Alman devleti, başta hükümet, parlamentolar ve Anayasa
Mahkemesi olmak üzere tüm kurumlarının katılımıyla Perşembe günü Berlin’de
Gendarmenmarkt (Jandarma Pazarı) meydanındaki konser salonunda, »Alman Nasyonalsosyalist Konspirasyonu«
(NSU) adlı neonazi çetesinin katlettiği 10 kişi için bir anma töreni düzenledi.
Törenin yapılmasına istifa eden Cumhurbaşkanı Wulff karar vermişti.
Öldürülenlerin, güvenlik güçlerince katiller tesadüfen
ortaya çıkıncaya kadar »zanlı« muamelesine tabi tutulan yakınlarından »bu yanlış için« özür dileyen Şansölye
Angela Merkel, neonazi cinayetlerinin ȟlkemiz
için utanç verici« olduğunu söyledi.
Almanya yaygın medyasının matem ciddîyetinde verdiği
tören haberlerine bakanlar, sanacak ki Alman devleti neonazizme savaş açtı.
Öyle ya, ne de olsa devlet bütün kurumlarıyla törende hazır ve nazırdı.
Sahiden öyle mi?
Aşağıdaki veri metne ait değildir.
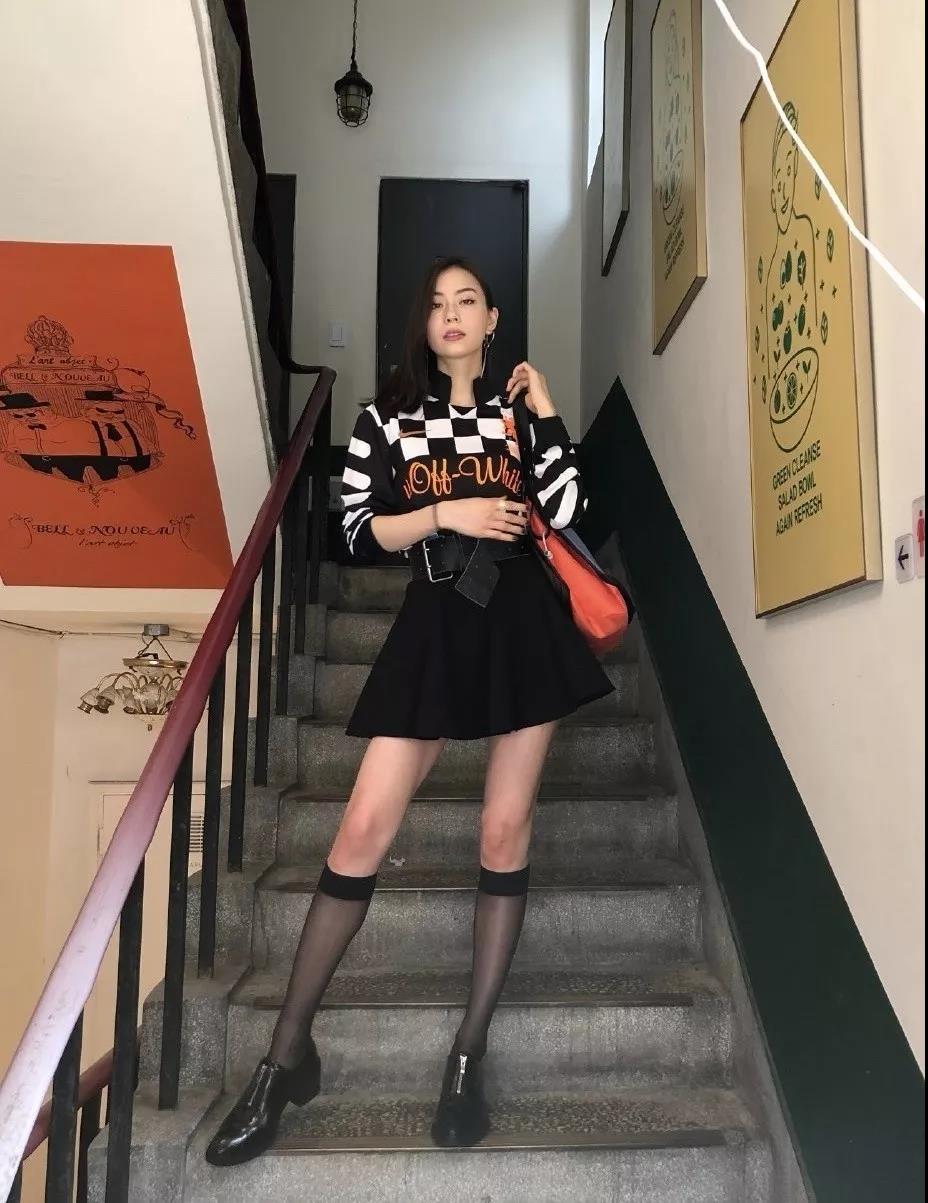 日本小野模突然爆火，*服私**穿搭也超出众，女大佬形象太抢眼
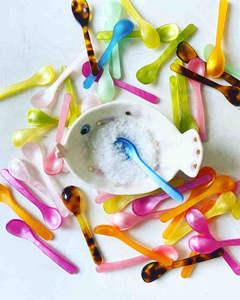 Salade en acier inoxydable au design élégant avec cuillère et fourchette en résine - Écologique, compatible lave-vaisselle, pour la maison et les restaurants - Artisanat en résine - Product Image 3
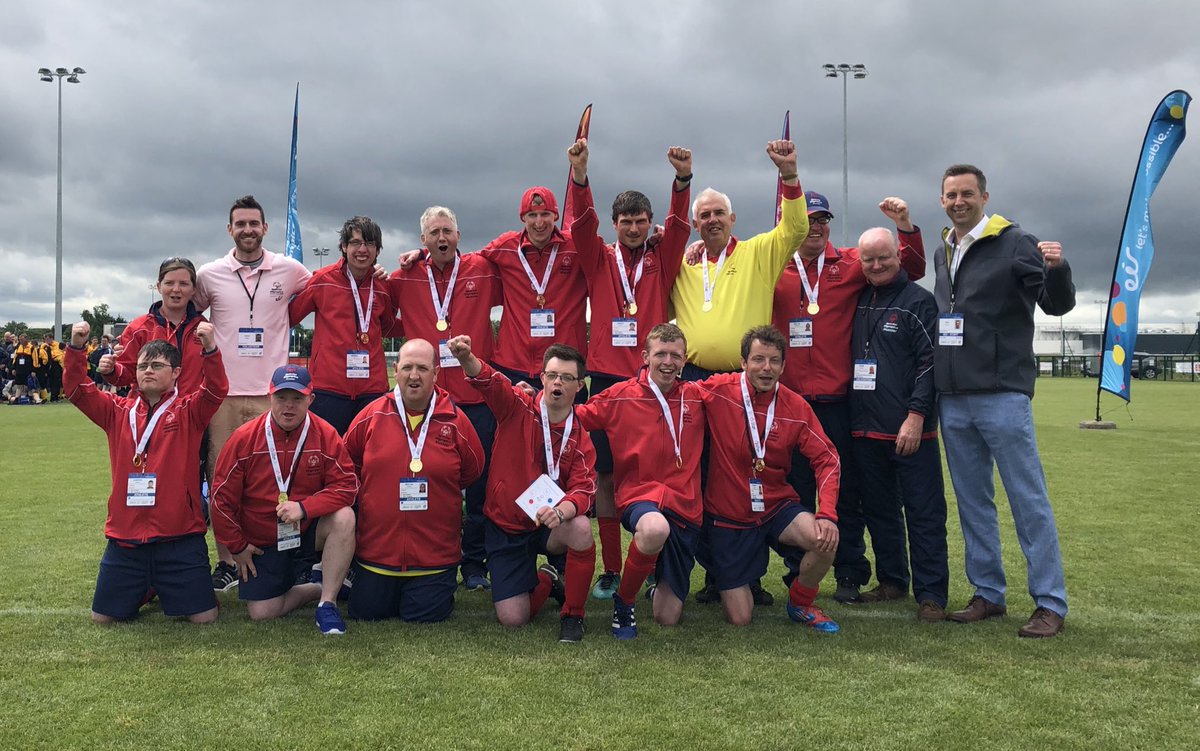 FootballSoi's tweet photo. @SO_Munster seem happy after receiving their golds from @eoinobeara1!

#PlayYourPart
#LetsMakePossible
#IrelandGames
@SOIreland 
@FAIreland https://t.co/ImTjy53tXH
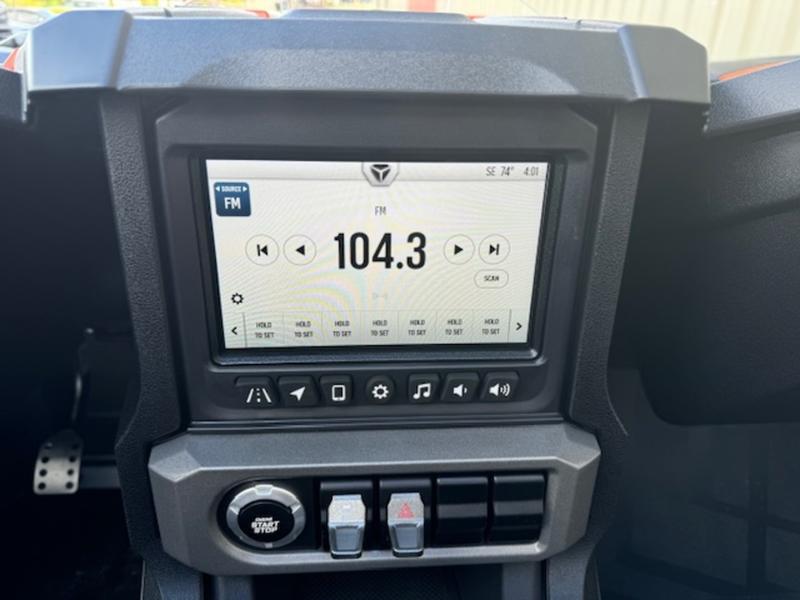 New 2024 Polaris Slingshot® SL AutoDrive Volt Orange - Image 17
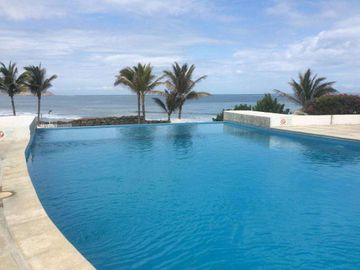 Venta de departamento en Manta semiamoblado vía la ruta del spondylus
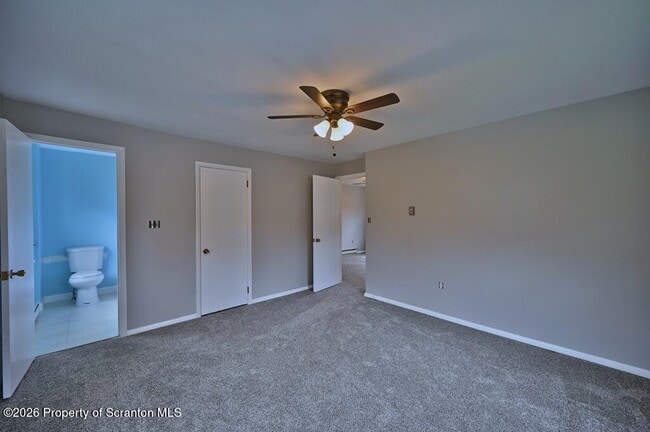 Building Photo - 431 Center St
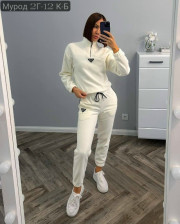 Спортивный костюм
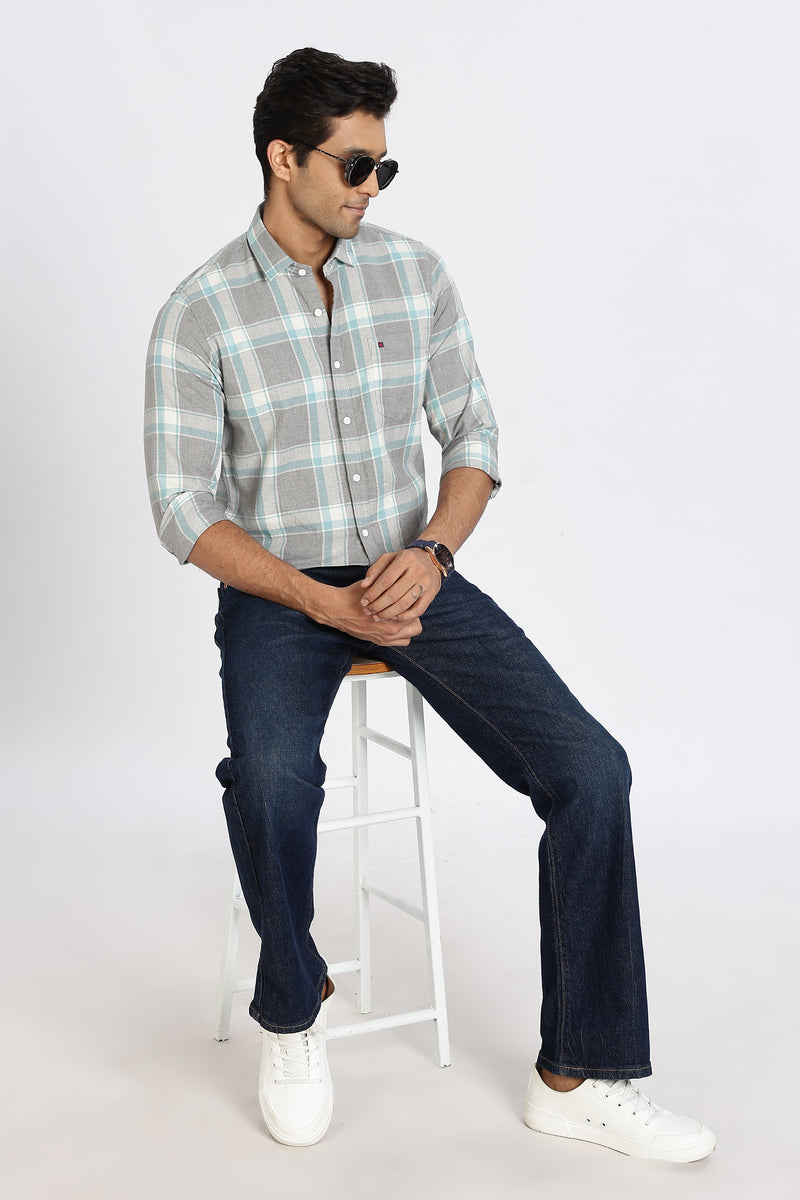 Men Grey Checkered Full Sleeve Slim Fit Casual Shirt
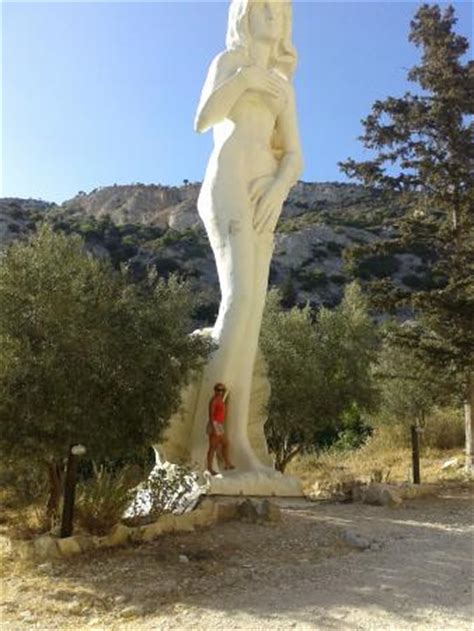 Touching a suspicious statue in my gallery? Statue of Aphrodite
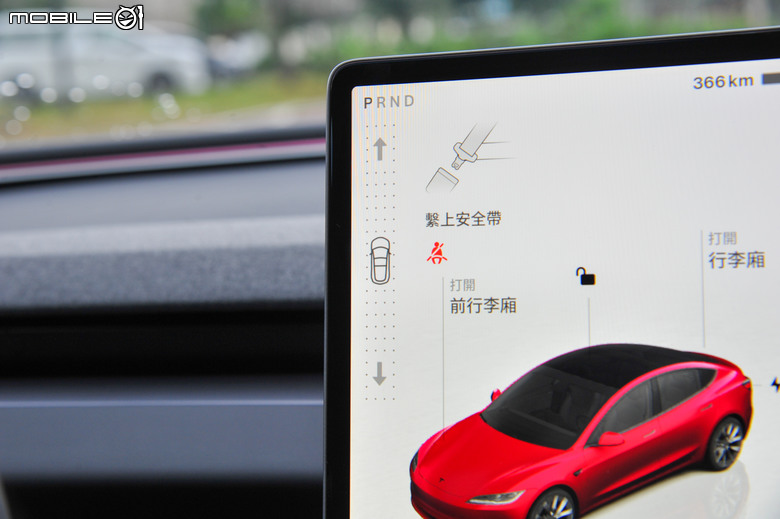 Tesla Model 3 煥新版試駕|雖然介面更簡化但仍是高性價比的一時之選!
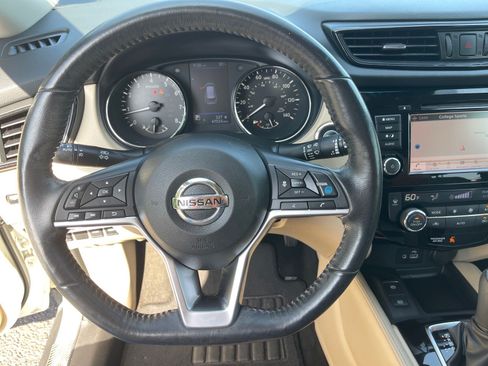 Used 2018 Nissan Rogue SL w/ Premium Package FWD image 7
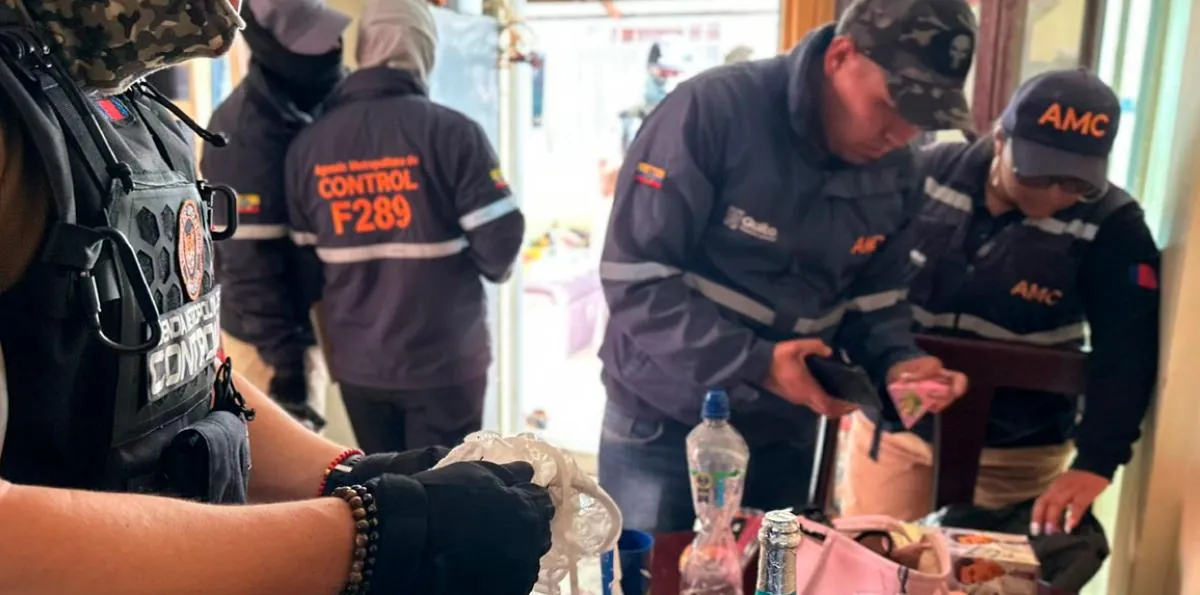 Clausuran casas de citas clandestinas en Quito: hallan menores y a un adulto mayor dependiente de oxígeno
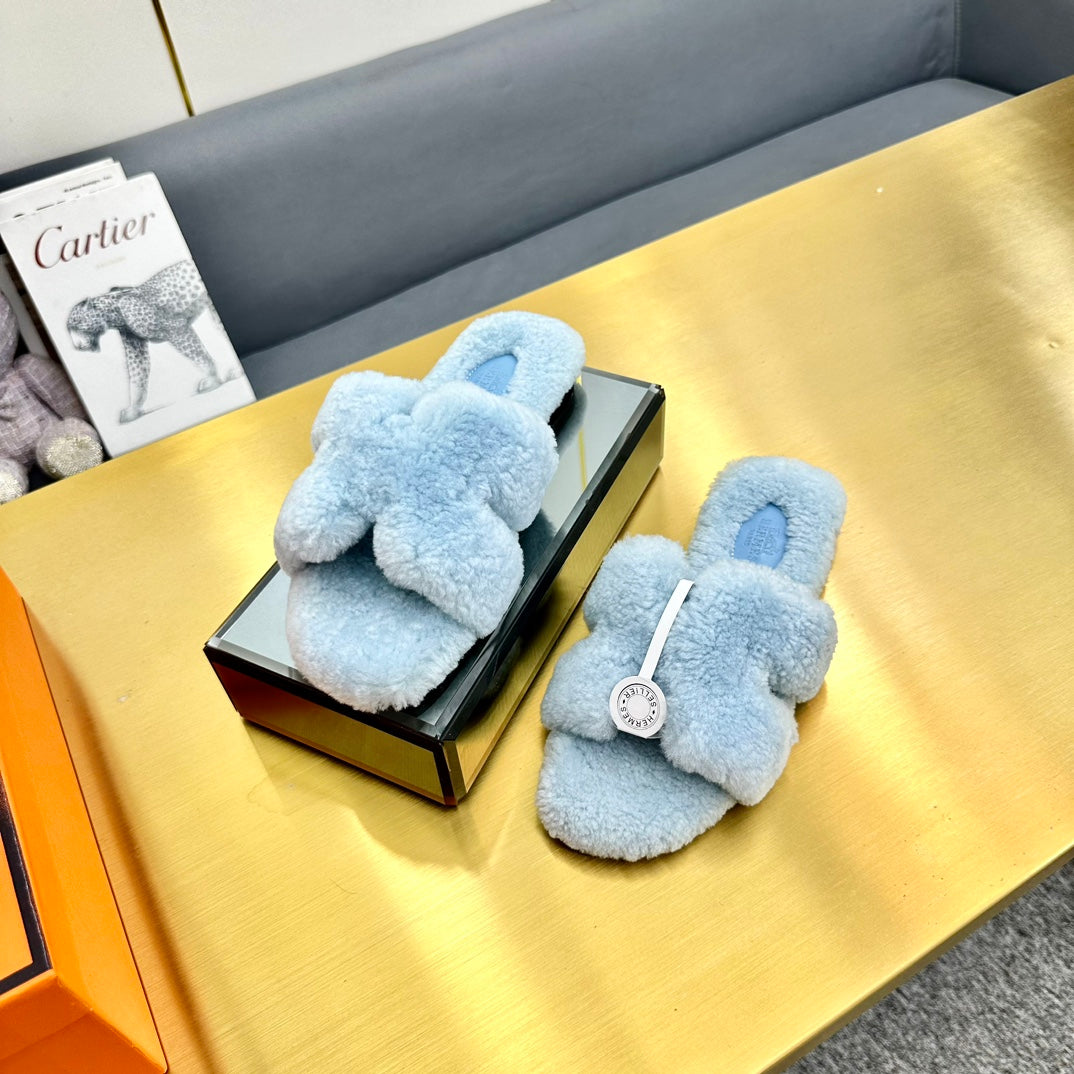 0RAN SHEARLING SANDALS POWDER BLUE - 35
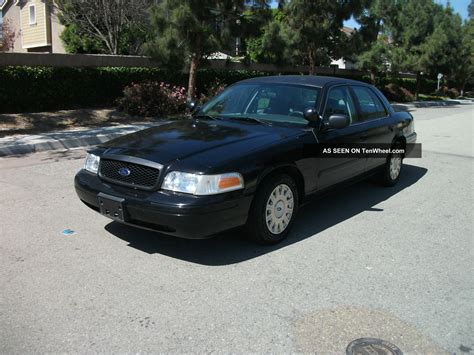 2005 Ford Crown Victoria Police Interceptor Sedan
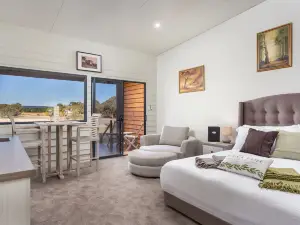 The Swan Valley Retreat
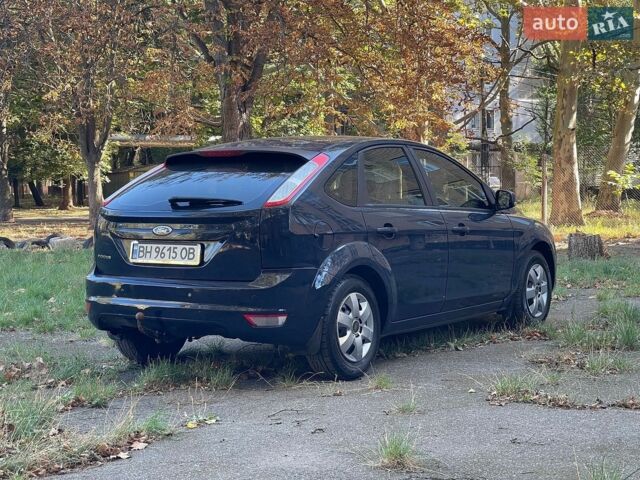 Синий Форд Фокус, объемом двигателя 1.6 л и пробегом 174 тыс. км за 5800 $, фото 13 на Automoto.ua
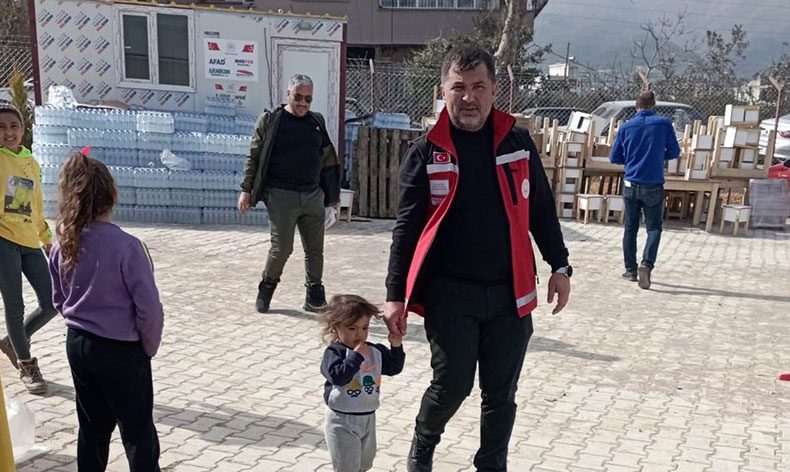 Kırmızı yelekliler depremzedelerin yanında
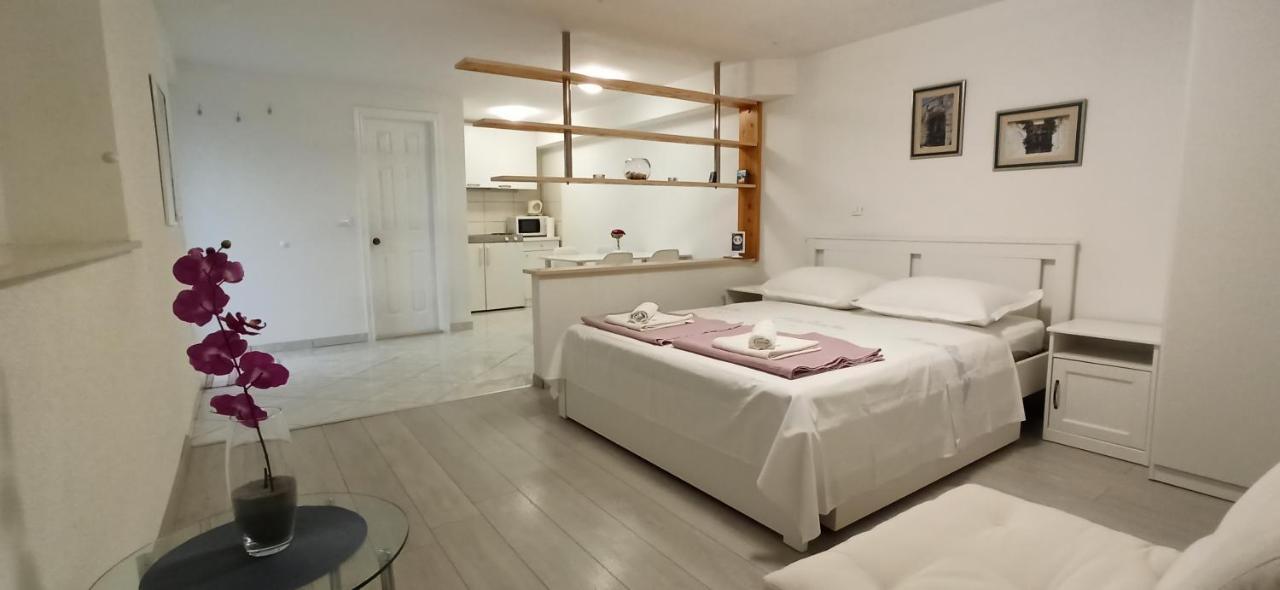 Apartments Marina Makarska Bagian luar foto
Almanya neonazizme savaş mı açtı, hem de
bu kurumlarıyla mı? Neonazi grup ve partilerinin faaliyetlerine göz yuman,
sadece ajan sokmakla kalmayıp, ajanları üzerinden neonazi eylemlerini
yönlendiren ve NSU adlı neonazi cinayet şebekesinin on yıl boyunca serbestçe
adam öldürmesine ve banka soymasına olanak/lojistik sağlayan kurumlar, uzaydan
mı geldiler? Bugün bile cinayetlerle ilgili bilgileri saklamaya, hatta basının
bildirdiğine göre yok etmeye çalışan gizli servisler Alman devletinin değil de,
bir muz devletinin gizli servisleri mi? Hem, madem bir devlet gösterisi
olacaktı da, neden parlamentoda değil de, bir konser salonunda bu tören yapıldı
ki?
Alman devlet erkanının yaptığı, timsah gözyaşı dökmektir.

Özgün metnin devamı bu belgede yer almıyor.